What to do
Exact copy, no pictures: repeat the data that follows.

Start of Information

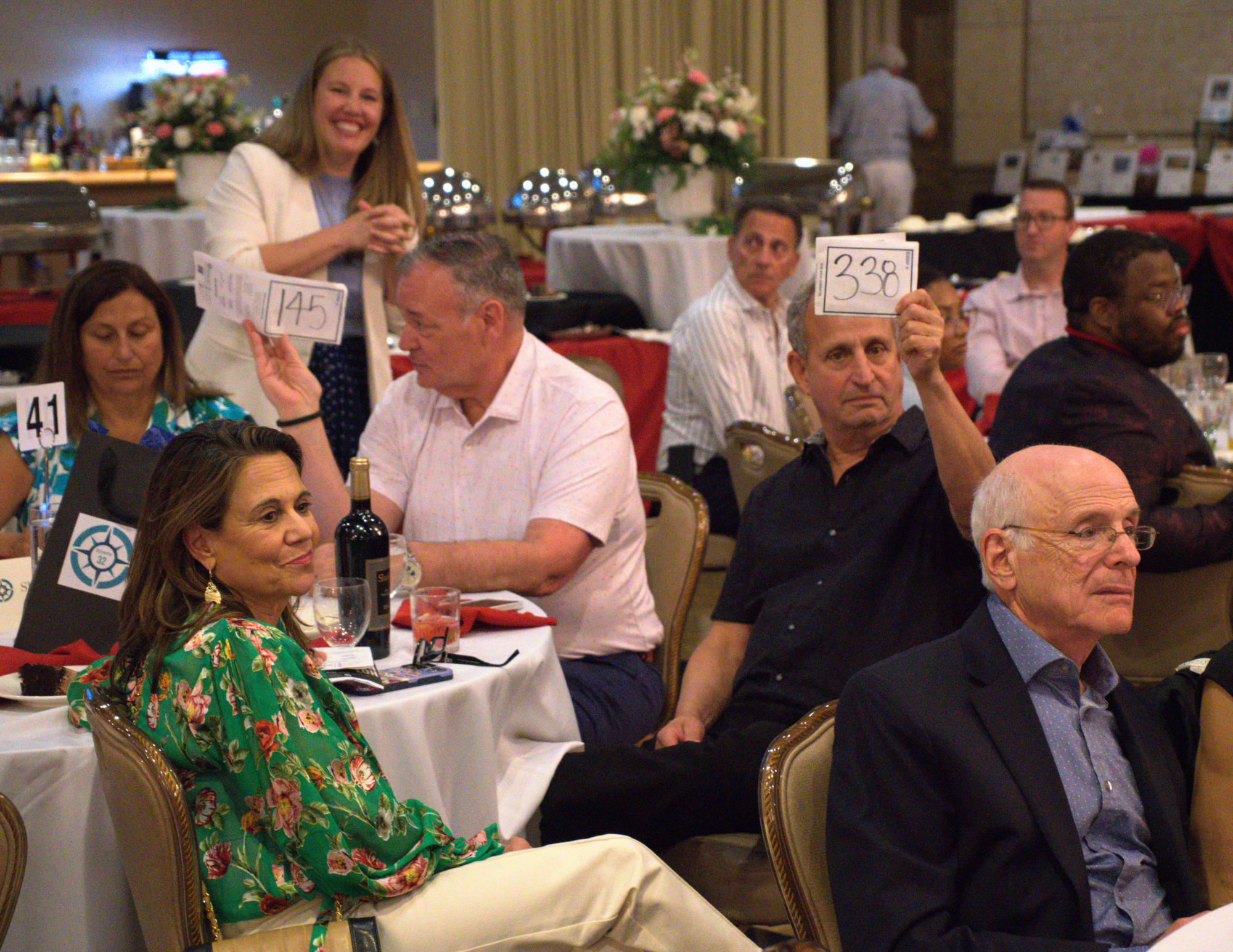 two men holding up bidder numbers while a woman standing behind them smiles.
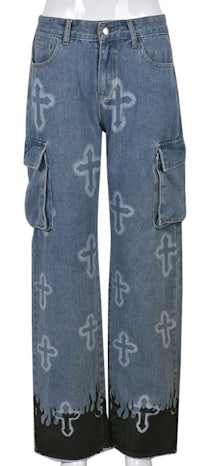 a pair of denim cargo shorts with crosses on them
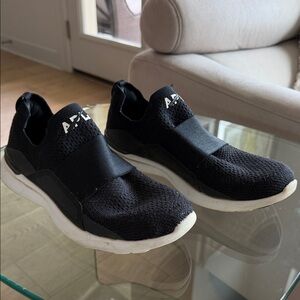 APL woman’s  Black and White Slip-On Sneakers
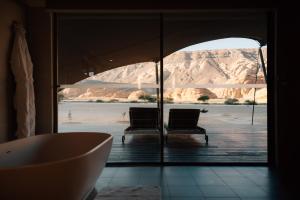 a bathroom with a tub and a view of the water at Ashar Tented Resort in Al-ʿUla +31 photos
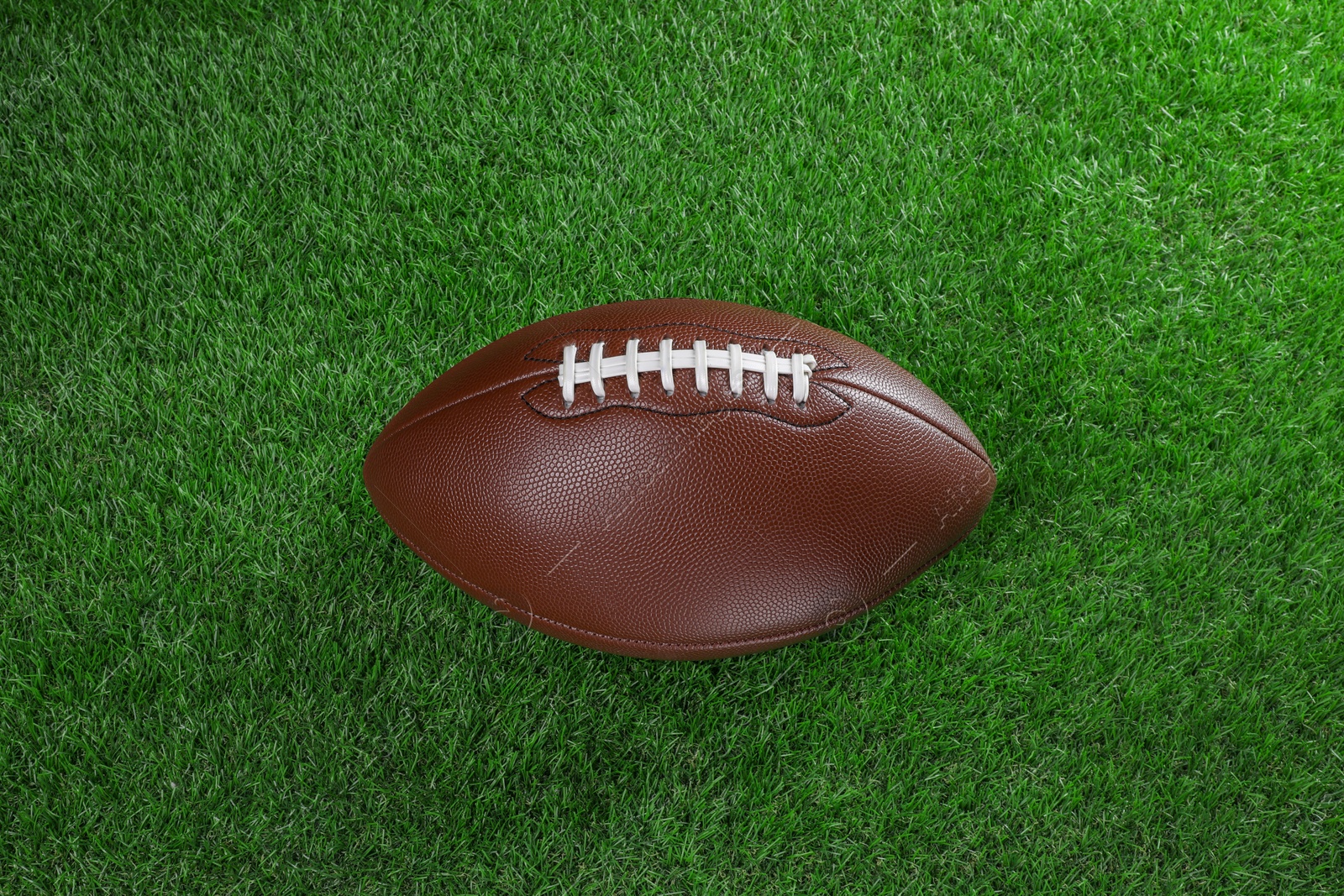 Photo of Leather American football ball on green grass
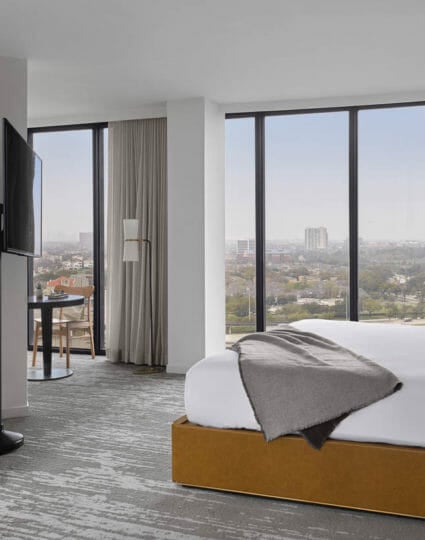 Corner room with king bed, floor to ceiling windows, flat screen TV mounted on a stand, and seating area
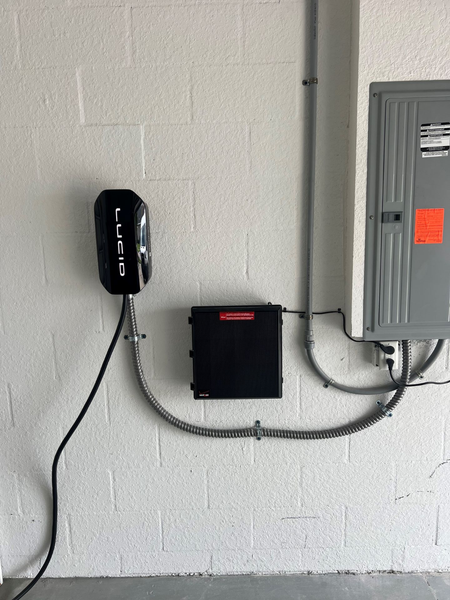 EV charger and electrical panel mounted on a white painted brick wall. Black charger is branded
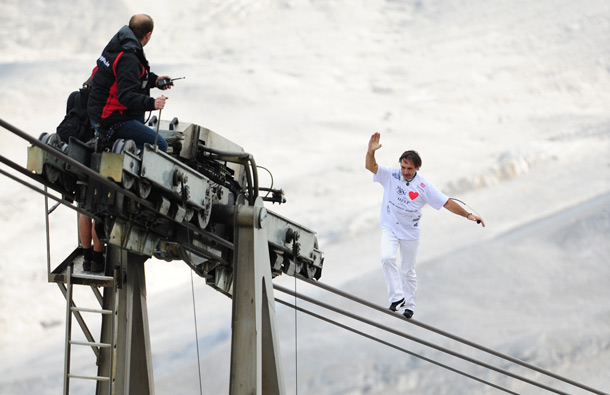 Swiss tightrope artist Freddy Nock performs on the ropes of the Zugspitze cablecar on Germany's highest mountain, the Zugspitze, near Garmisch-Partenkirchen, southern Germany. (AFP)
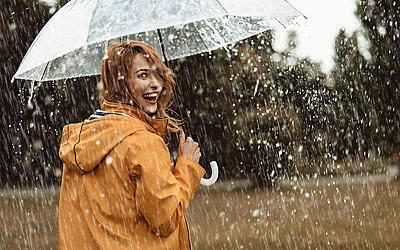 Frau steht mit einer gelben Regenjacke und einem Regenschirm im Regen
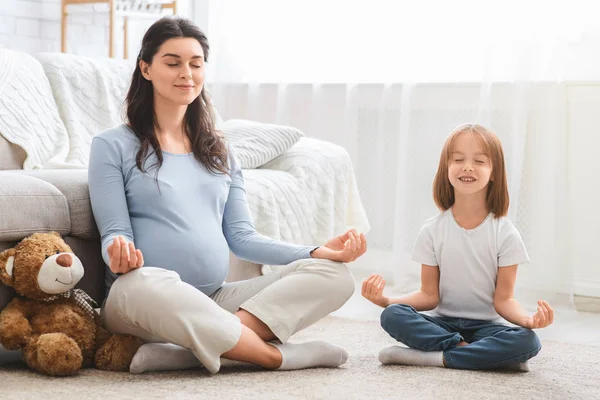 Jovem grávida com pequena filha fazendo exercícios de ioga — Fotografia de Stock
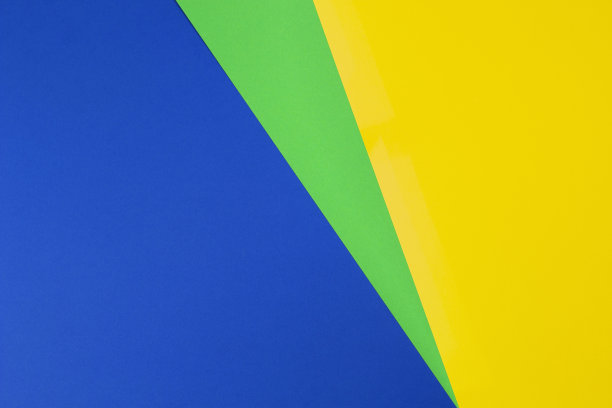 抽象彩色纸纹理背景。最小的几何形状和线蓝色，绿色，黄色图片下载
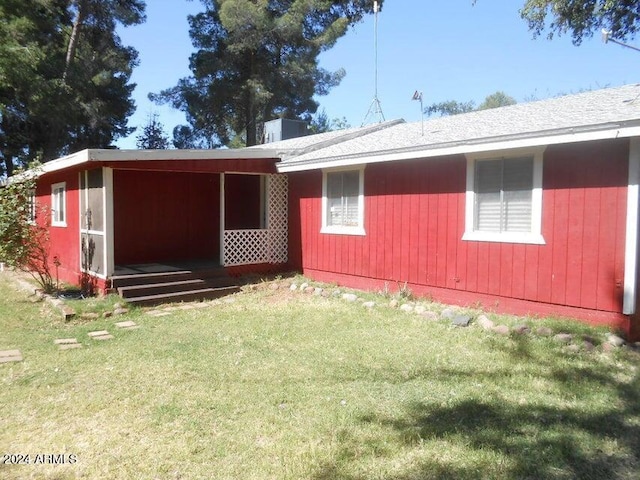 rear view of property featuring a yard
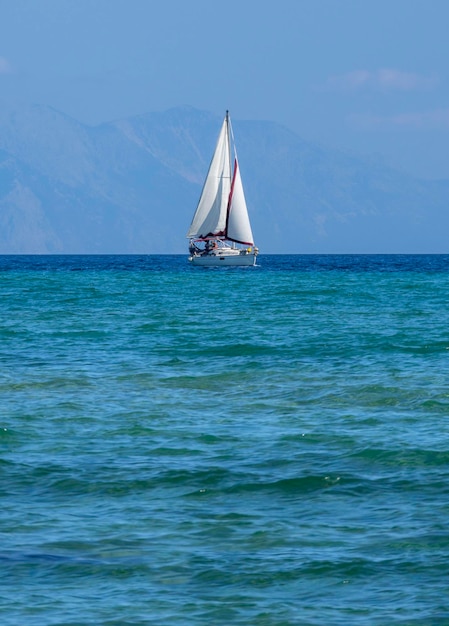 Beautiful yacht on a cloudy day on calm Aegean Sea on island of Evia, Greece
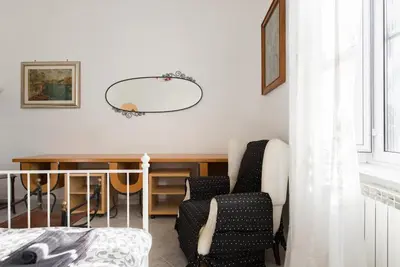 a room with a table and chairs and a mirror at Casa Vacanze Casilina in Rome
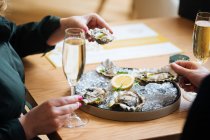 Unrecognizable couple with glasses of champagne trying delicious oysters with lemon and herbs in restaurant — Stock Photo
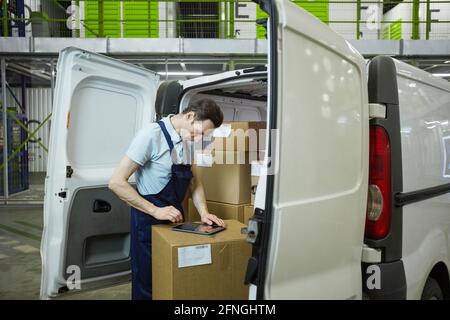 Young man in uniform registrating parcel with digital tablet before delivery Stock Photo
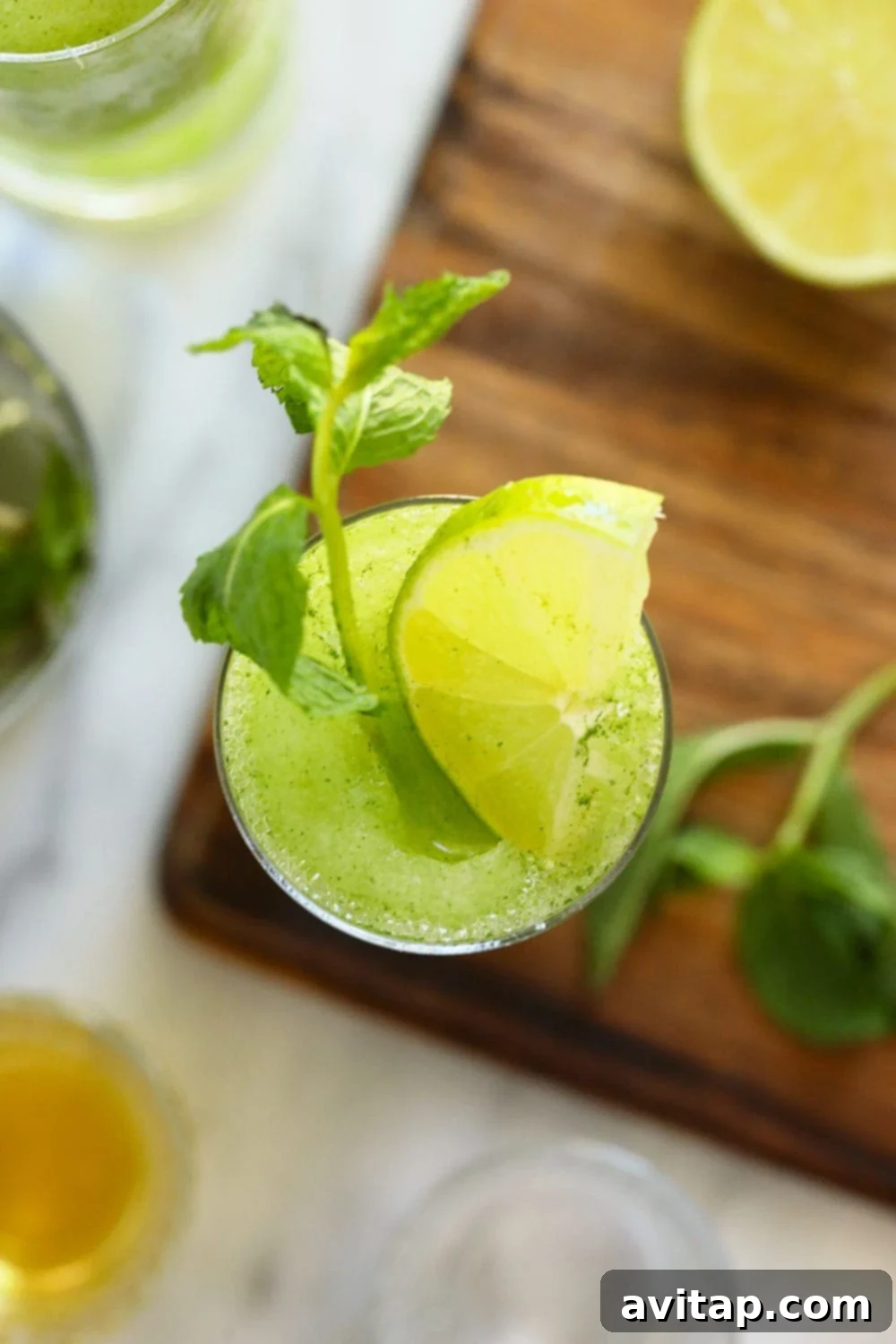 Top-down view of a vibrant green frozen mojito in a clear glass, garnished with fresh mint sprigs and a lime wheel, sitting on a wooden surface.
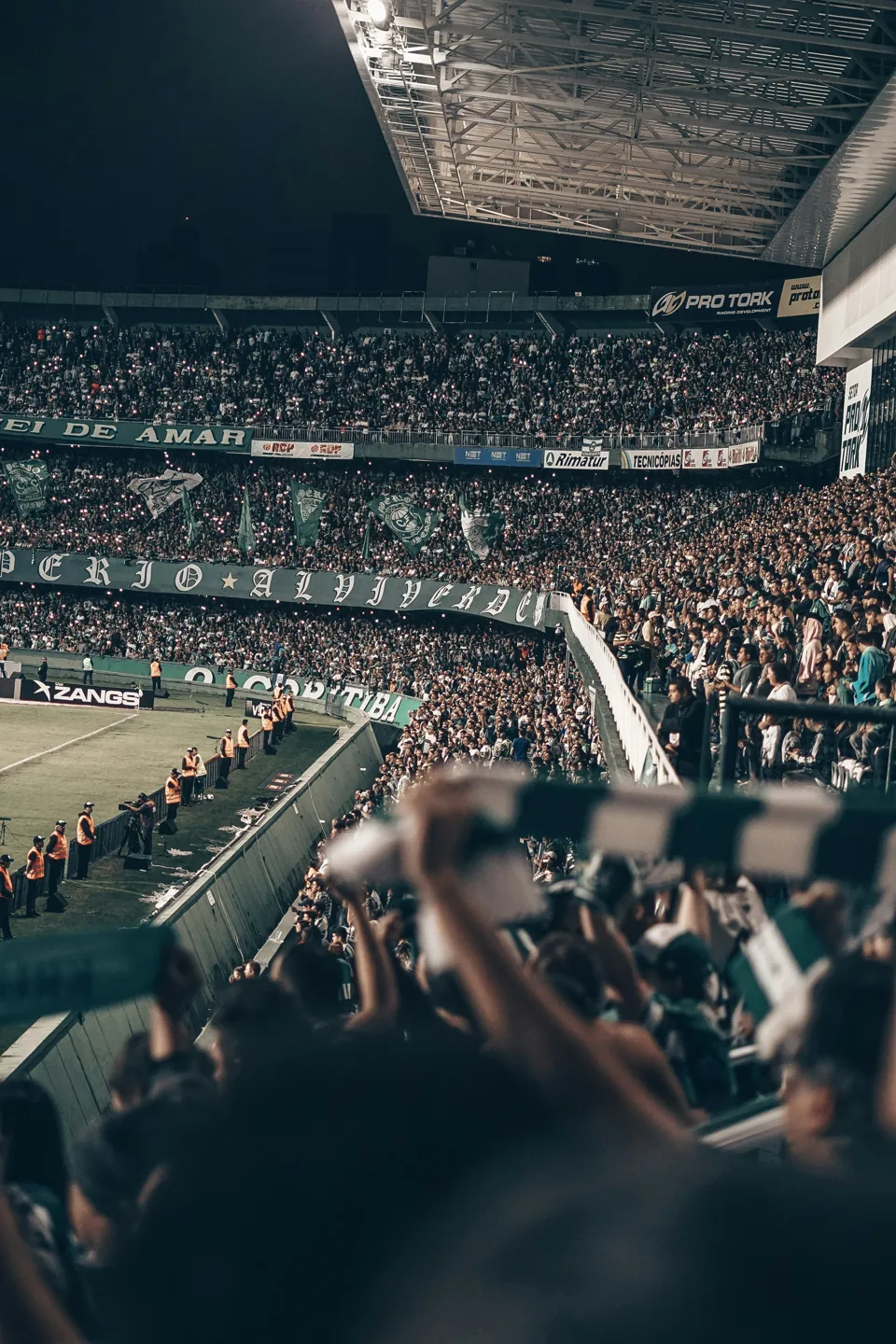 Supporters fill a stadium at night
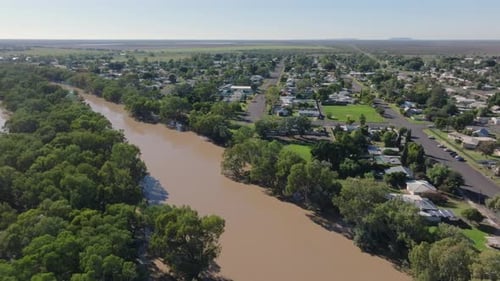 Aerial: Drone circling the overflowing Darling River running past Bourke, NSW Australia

End of Information

Exercise result
 two men holding up bidder numbers while a woman standing behind them smiles.
 a pair of denim cargo shorts with crosses on them
 APL woman’s  Black and White Slip-On Sneakers
 a bathroom with a tub and a view of the water at Ashar Tented Resort in Al-ʿUla +31 photos
 Photo of Leather American football ball on green grass
 Corner room with king bed, floor to ceiling windows, flat screen TV mounted on a stand, and seating area
 EV charger and electrical panel mounted on a white painted brick wall. Black charger is branded
 Swiss tightrope artist Freddy Nock performs on the ropes of the Zugspitze cablecar on Germany's highest mountain, the Zugspitze, near Garmisch-Partenkirchen, southern Germany. (AFP)
 Frau steht mit einer gelben Regenjacke und einem Regenschirm im Regen
 Jovem grávida com pequena filha fazendo exercícios de ioga — Fotografia de Stock
 抽象彩色纸纹理背景。最小的几何形状和线蓝色，绿色，黄色图片下载
 rear view of property featuring a yard
 Beautiful yacht on a cloudy day on calm Aegean Sea on island of Evia, Greece
 a room with a table and chairs and a mirror at Casa Vacanze Casilina in Rome
 Unrecognizable couple with glasses of champagne trying delicious oysters with lemon and herbs in restaurant — Stock Photo
 Young man in uniform registrating parcel with digital tablet before delivery Stock Photo
 Top-down view of a vibrant green frozen mojito in a clear glass, garnished with fresh mint sprigs and a lime wheel, sitting on a wooden surface.
 Supporters fill a stadium at night
 Aerial: Drone circling the overflowing Darling River running past Bourke, NSW Australia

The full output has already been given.